Task item - Reproduce the data that follows character for character, but omit its pictures.

***** Data shown

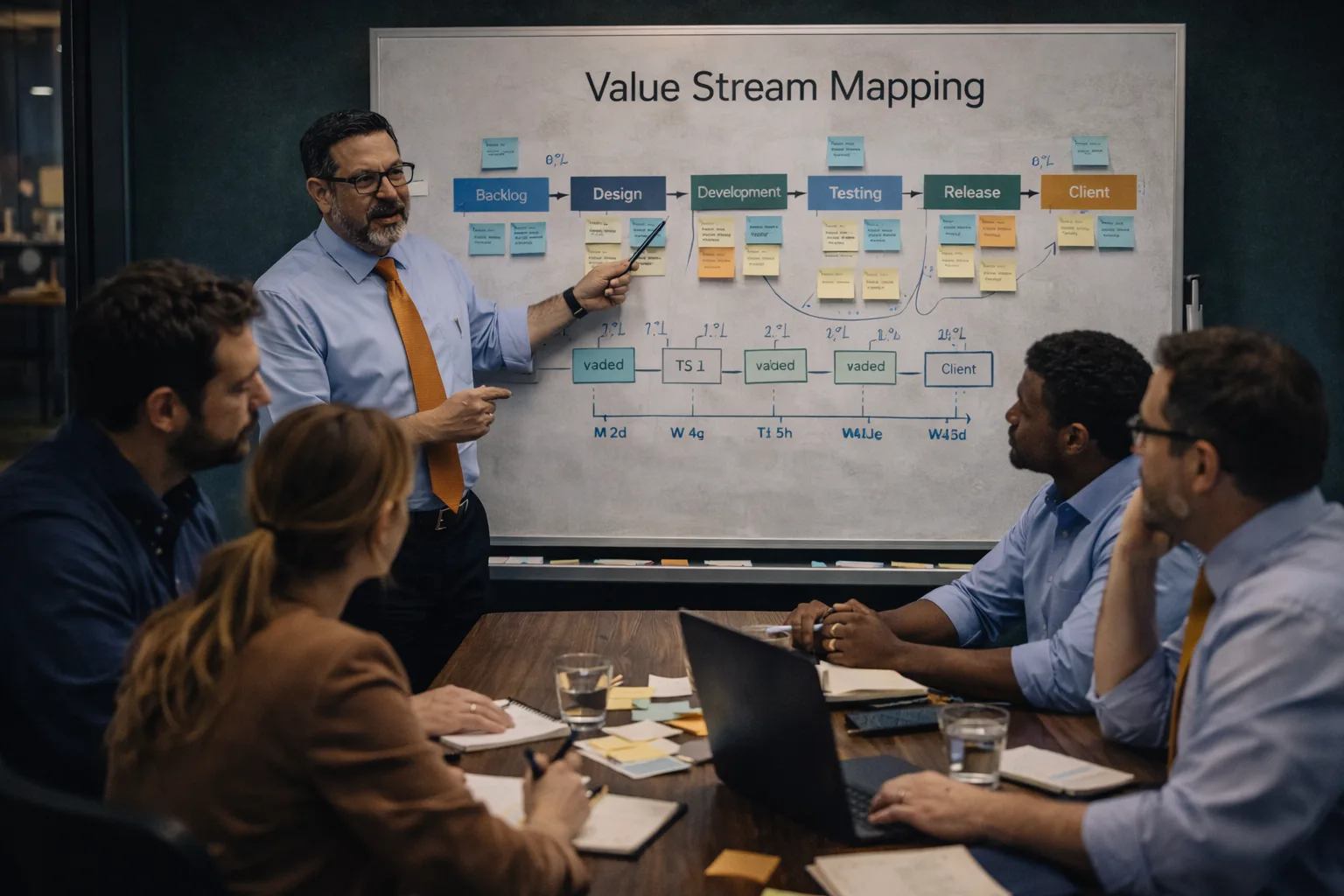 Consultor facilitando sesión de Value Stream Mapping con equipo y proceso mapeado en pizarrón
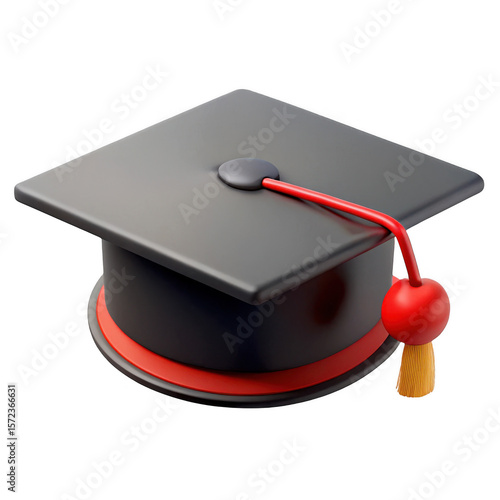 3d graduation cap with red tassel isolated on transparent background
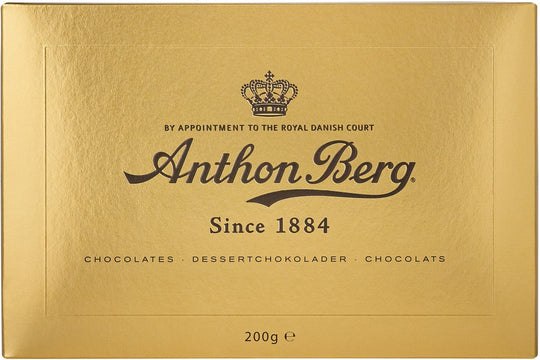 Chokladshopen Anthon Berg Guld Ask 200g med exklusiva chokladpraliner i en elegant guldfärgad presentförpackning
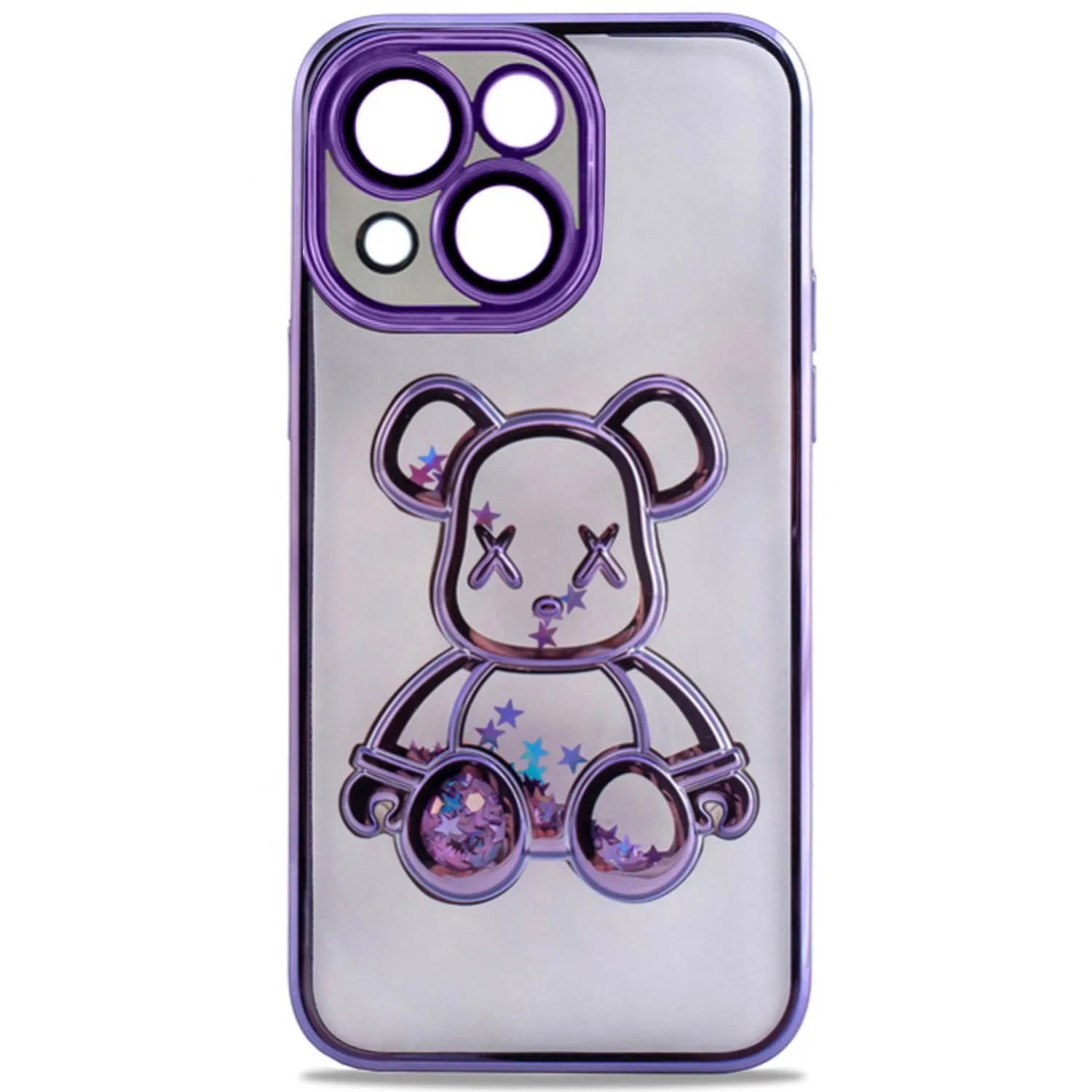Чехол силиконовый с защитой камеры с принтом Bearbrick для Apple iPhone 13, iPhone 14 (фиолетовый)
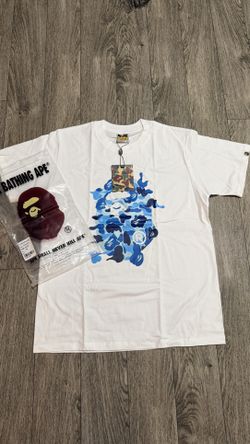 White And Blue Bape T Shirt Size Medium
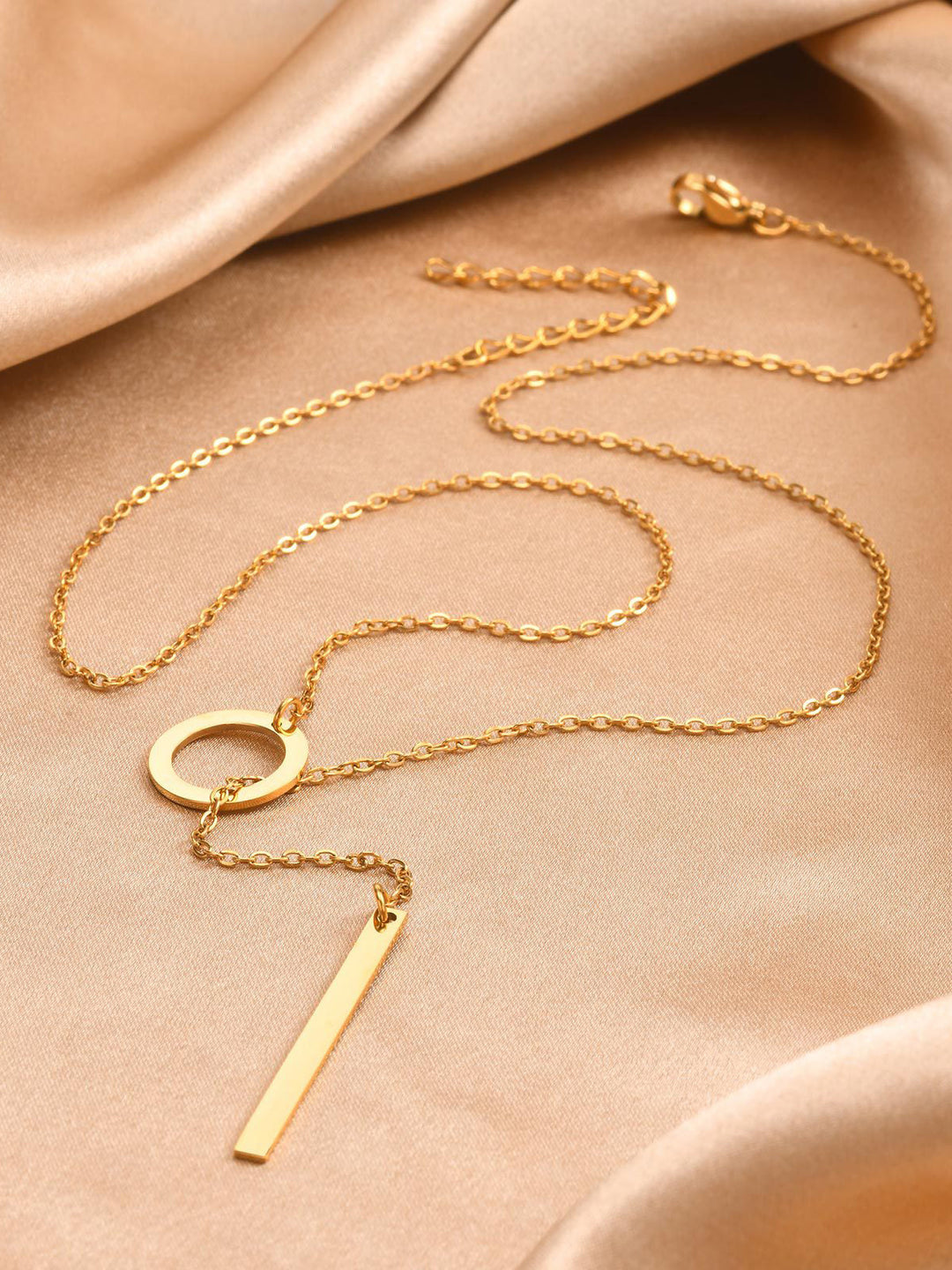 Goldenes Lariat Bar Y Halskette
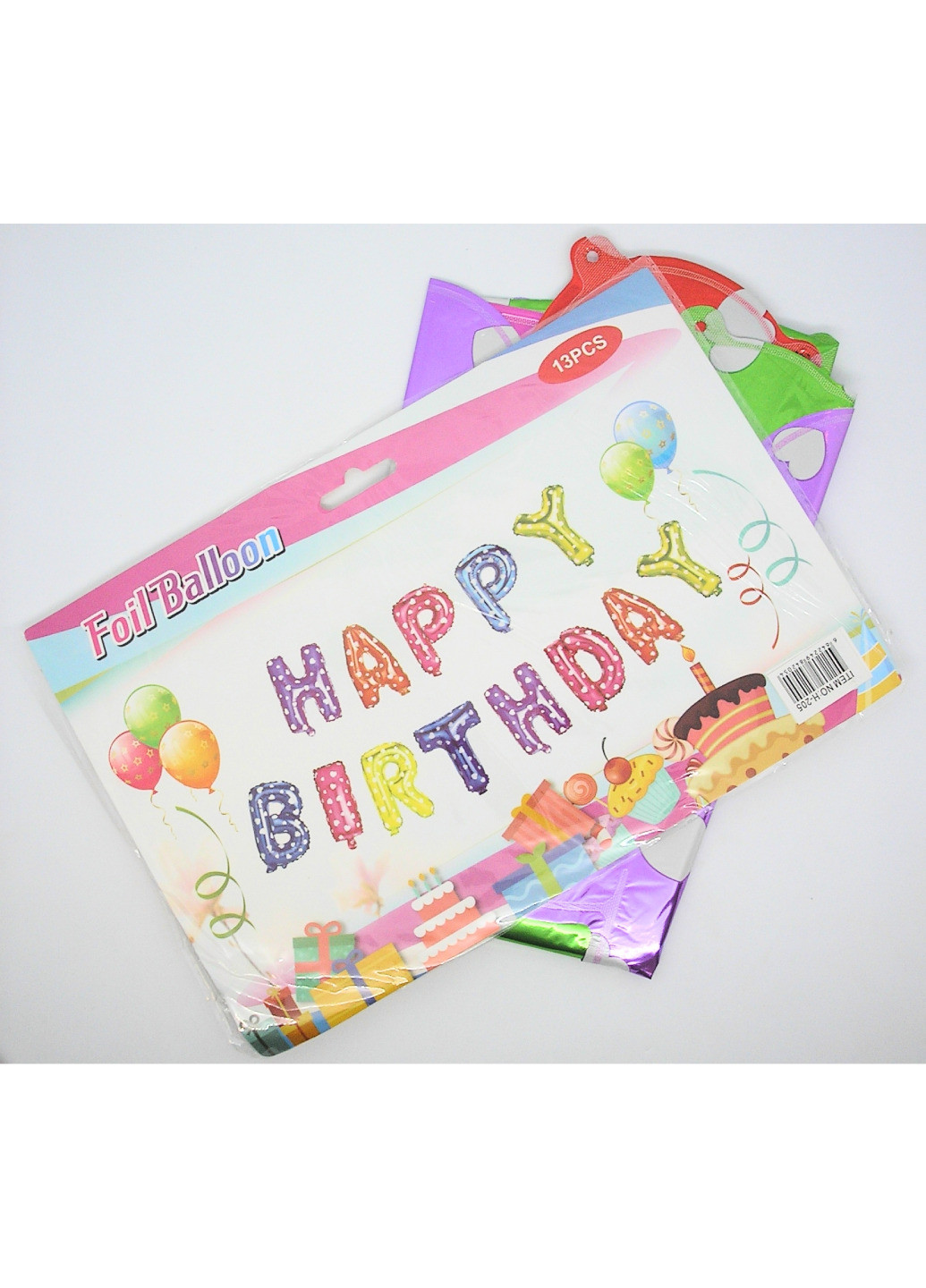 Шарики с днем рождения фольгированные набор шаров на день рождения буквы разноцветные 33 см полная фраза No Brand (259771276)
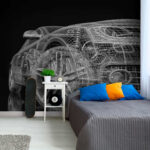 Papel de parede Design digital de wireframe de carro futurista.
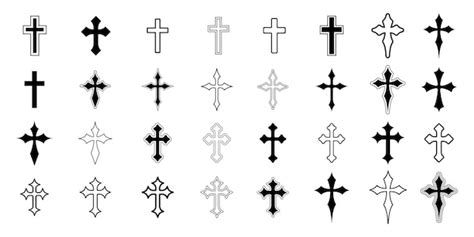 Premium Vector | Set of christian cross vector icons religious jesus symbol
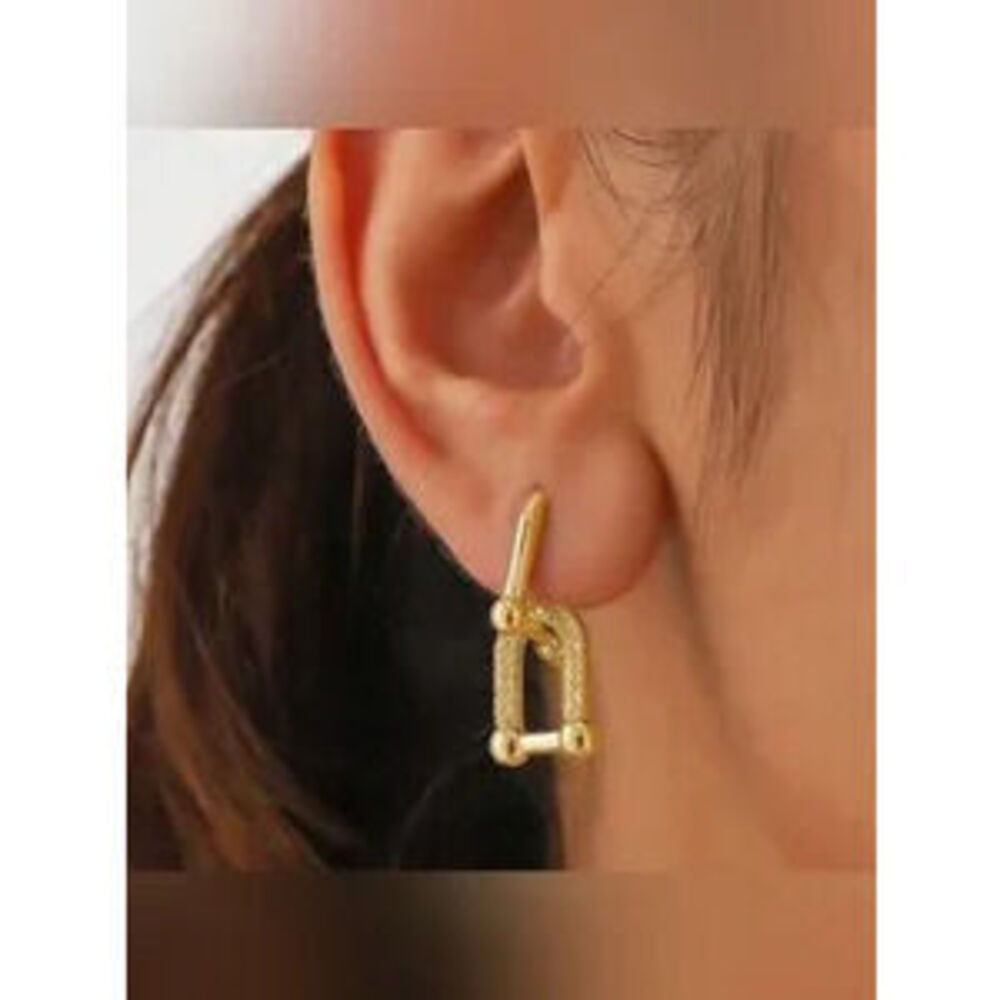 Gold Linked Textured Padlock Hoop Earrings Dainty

**********

Result of the exercise -
 Consultor facilitando sesión de Value Stream Mapping con equipo y proceso mapeado en pizarrón
 3d graduation cap with red tassel isolated on transparent background
 Chokladshopen Anthon Berg Guld Ask 200g med exklusiva chokladpraliner i en elegant guldfärgad presentförpackning
Чехол силиконовый с защитой камеры с принтом Bearbrick для Apple iPhone 13, iPhone 14 (фиолетовый)
 White And Blue Bape T Shirt Size Medium
 Goldenes Lariat Bar Y Halskette
 Шарики с днем рождения фольгированные набор шаров на день рождения буквы разноцветные 33 см полная фраза No Brand (259771276)
 Papel de parede Design digital de wireframe de carro futurista.
 Premium Vector | Set of christian cross vector icons religious jesus symbol
 Gold Linked Textured Padlock Hoop Earrings Dainty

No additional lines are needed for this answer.